Report says Chesapeake Bay could be cleaned faster, cheaper

May 2004

U.S. Water News Online

RICHMOND, Va. -- By tapping into unused waste-treatment capacities, Virginia could clean the Chesapeake Bay for less than half the $1.2 billion it had estimated it would cost to rid the bay of pollution by 2010, according to a report.

The Chesapeake Bay Foundation said a report from an expert in nutrient removal technologies at Virginia Tech provides a plan for meeting the deadline and shows that state and industry officials have inflated cleanup costs.

Clifford W. Randall's study, paid for by the CBF, said "fairly minor upgrades'' and creative funding such as a "flush tax'' similar to one enacted in Maryland could lead to cheaper and faster means of cutting the amount of nutrients released at Virginia's sewage-treatment plants, the source of about one-third of the state's pollution to waterways.

In April, the Virginia Department of Natural Resources said bay funding had not yet been provided by the General Assembly. Environmentalists said the state was backing away from addressing a 2000 agreement among five states and the District of Columbia to reduce sediments and nutrients that drain into the bay, encouraging aquatic plant growth and choking sea life. Last year, a dead zone of about 250 square miles was found in the bay, created by low oxygen that killed aquatic life.

"We're all part of the problem. We all need to be part of the solution,'' said Roy A. Hoagland, the foundation's executive director. "For less than the cost of a weekly lottery ticket per household, we can clean up Virginia's sewage-treatment plants.''

The Maryland legislature enacted a bill this year imposing fees of $2.50 monthly fee on sewer bills and $30 annually for owners of septic systems to establish the Atlantic Coastal Bays Restoration Fund.

CBF's top priority in the 2005 Virginia General Assembly session will be to create a fee similar to Maryland's flush tax.

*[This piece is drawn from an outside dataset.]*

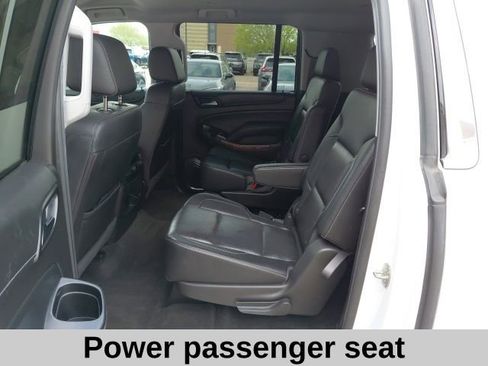 Used 2017 Chevrolet Suburban Premier image 24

According to Randall, tapping into a sewage plant's excess treatment capacity would allow the facilities to use nearly 40 percent of the plant that's currently out of service. The upgrade, he said, would cost $120 million. That's about the same figure the state has purportedly spent over seven years through the Virginia Water Quality Improvement Fund that has already been made available to plants statewide for seven years.

Because most plants are purposely over-designed, made larger in case of future population surges, this strategy would see immediate results because only about 60 percent is ever used, Randall said. It's also the chief reason why industry officials -- fearing the plant would be unprepared for a population upswing -- oppose such a tactic.

Incentives such as a user tax would be necessary, Randall said. In that scenario, the tax would accumulate into a special fund guaranteeing future plant modifications.

Another example is that treatment plants have historically overestimated the costs and time it would take to implement nutrient-removal technology.

Such was the case in New York, where the courts mandated that the city reduce the amounts of nitrogen discharged, affecting 11 treatment plants.

Initial costs had put the project at $14.2 billion, which had assumed each plant would need to process its own sludge. Instead, officials decided to centralize the sludge's process and treatment. That move alone, Randall said, made the actual cost $1.4 billion. Using other technology, the city further reduced the expense by 96%.

Randall said such a tactic could work in Virginia, where Hampton Roads, Richmond, Washington D.C., and other areas with nearby plants could be centralized.

Present at the media briefing was W. Tayloe Murphy Jr., state secretary of Natural Resources. Last month, Murphy told state workers that Virginia -- or, namely his agency -- was committed to keeping its commitments to the Chesapeake 2000 agreement.

"We must either pursue their implementation aggressively, or admit up front that we have no intention of meeting them,'' he said.

Critics, however, were immediately critical of the plan, which they said does not explain how the improvements would be financed or enforced.